▶ Your goal:
Each entry must be given again exactly; images do not belong in the copy.
Segment Start: Recorded data
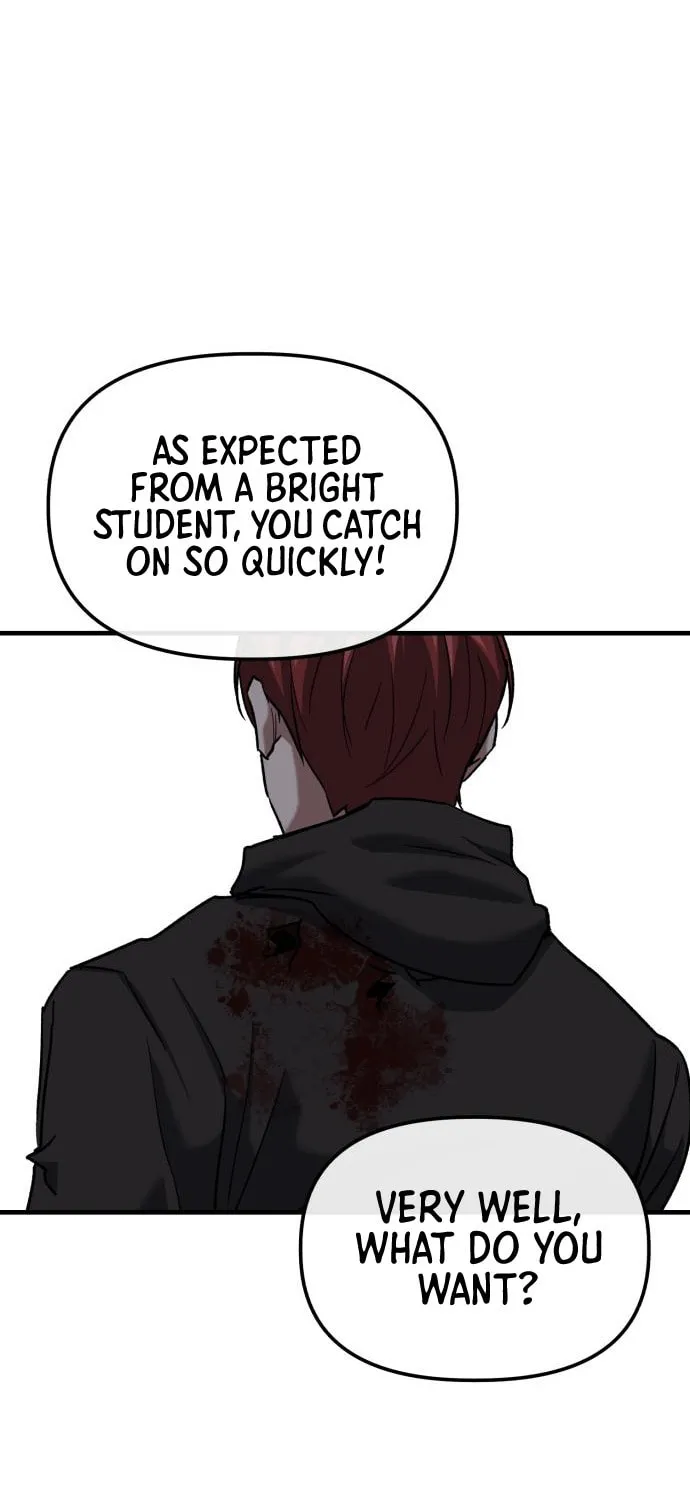 Read Killing Killer chapter 25 image 77 on Lezhin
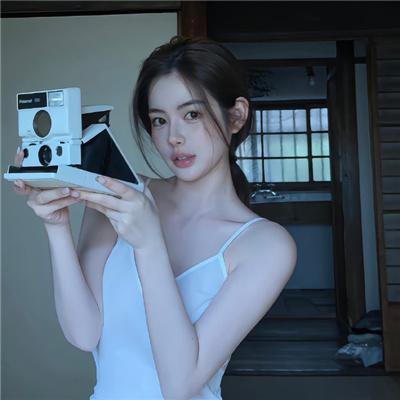 我的失忆女友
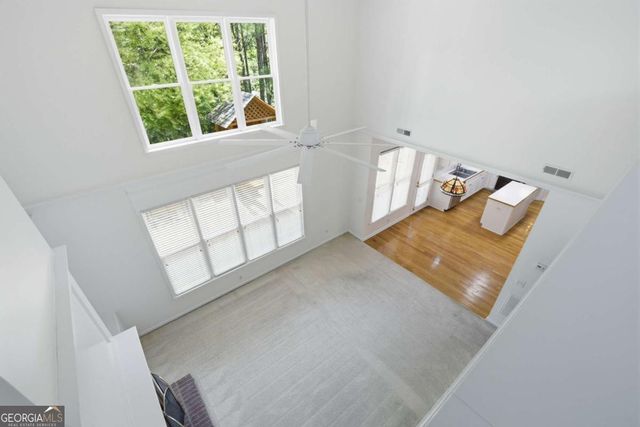 3630 Coldwater Court, Cumming, GA 30041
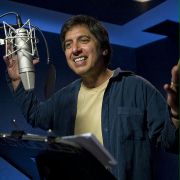 Ray Romano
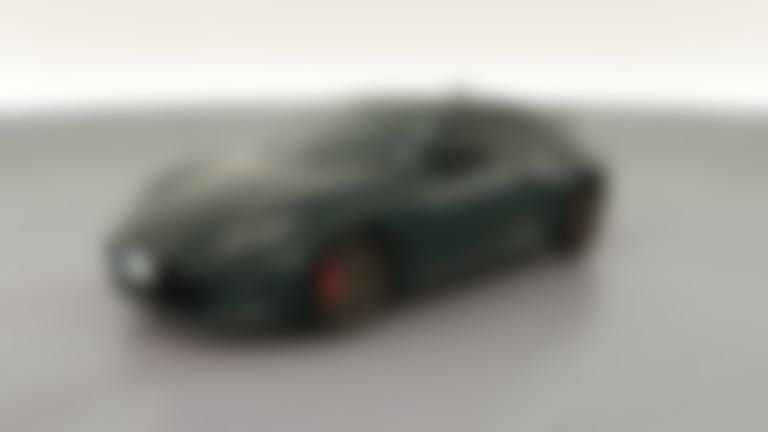 2025 Toyota GR86 vehicle photo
Segment End: Recorded data
▶ Result of this task:
 Read Killing Killer chapter 25 image 77 on Lezhin
 我的失忆女友
 3630 Coldwater Court, Cumming, GA 30041
 Ray Romano
 2025 Toyota GR86 vehicle photo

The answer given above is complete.